Chapter One coming July 1st! :D

The theme for this chapter is - beauty, strength, freedom and unity.

Thomas on Humanity in general:

" The total number of tracks for the entire series is over 60! With music ranging from the softest lullaby to the heaviest metal I have thrown all the rules in the trash and I’m just doing exactly what I want."

Here is a rare video of the master himself! :D


----------



## dcoscina (Jun 24, 2020)

Bluemount Score said:


> Gotta say, I loved "So Small"
> Something quite different and the harmony was beautiful


It’s got a bit of John Rutter vibe to it with the phrasing and harmony. I was very impressed by it.


----------



## Bluemount Score (Jun 24, 2020)

DarkestShadow said:


> Chapter One coming July 1st! :D
> 
> The theme for this chapter is - beauty, strength, freedom and unity.
> 
> ...



He rarely puts himself in front of a camera. Seems that he is quite proud of his work this time!


----------



## MarcusMaximus (Jun 26, 2020)

I can't get that video to play. Has it been taken down or something? This sounds wonderful anyway, looking forward to it.


----------



## robgb (Jun 26, 2020)

Bluemount Score said:


> Premiere today 7pm CEST



Is it me, or do the first few notes of this sound just like the Star Wars melody? Hard for me to unhear.


----------



## Lionel Schmitt (Jun 26, 2020)

robgb said:


> Is it me, or do the first few notes of this sound just like the Star Wars melody? Hard for me to unhear.


Yea, now that you say it. But it's such a different purpose and phrasing that it doesn't actually make me connect it when playing both in my head.


----------



## Bluemount Score (Jun 26, 2020)

MarcusMaximus said:


> I can't get that video to play. Has it been taken down or something? This sounds wonderful anyway, looking forward to it.
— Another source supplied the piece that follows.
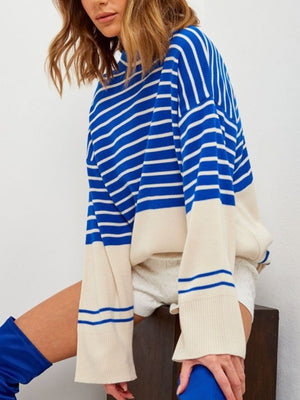 Colorblock stripe knit sweater with bell sleeves in blue and cream.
Still up for me... you could also find it on TB's facebook page


----------



## Lionel Schmitt (Jun 26, 2020)

Yea, still up. There is some danger for turning gay, so perhaps a safety measure 
(what the heck am I posting)


----------



## Bluemount Score (Jun 26, 2020)

DarkestShadow said:


> Yea, still up. There is some danger for turning gay, so perhaps a safety measure
> (what the heck am I posting)


Understandable


----------



## MarcusMaximus (Jun 26, 2020)

Bluemount Score said:


> Still up for me... you could also find it on TB's facebook page


That’s strange - I click on it and it just won’t play. Tried on several different devices. Will check out FB thanks.


----------



## Bluemount Score (Jul 1, 2020)

Chapter I is released! Listening to it right now


----------



## Schoen (Jul 10, 2020)

Great music as always! This loudness mastering thing hurts the music terribly... as well as my ears.


----------



## Mornats (Jul 10, 2020)

I'm really liking this one too. Bit of a shame the best quality available is MP3. I'd have loved a FLAC version along with an uncompressed version like TSFH did with Unleashed. That would make them all available as reference tracks to load into Ozone.


----------



## tebling (Jul 10, 2020)

Mornats said:


> I'd have loved a FLAC version along with an uncompressed version like TSFH did with Unleashed.



Couldn't agree more. Now that HDD space is no longer a constraint, I'm completely done buying mp3s and I'm not yet sold on services like Tidal.

I can't even find TSFH stuff available to buy in lossless (aside from physical CD), much less Thomas' solo works. Bandcamp and HDTracks are my go to sources for these, but they're not there.


----------



## Jediwario1 (Jul 10, 2020)

Schoen said:


> Great music as always! This loudness mastering thing hurts the music terribly... as well as my ears.



Same, there something happening in the high end (when it gets loud) that fatigues my ears quickly.



Mornats said:


> ...along with an uncompressed version like TSFH did with Unleashed.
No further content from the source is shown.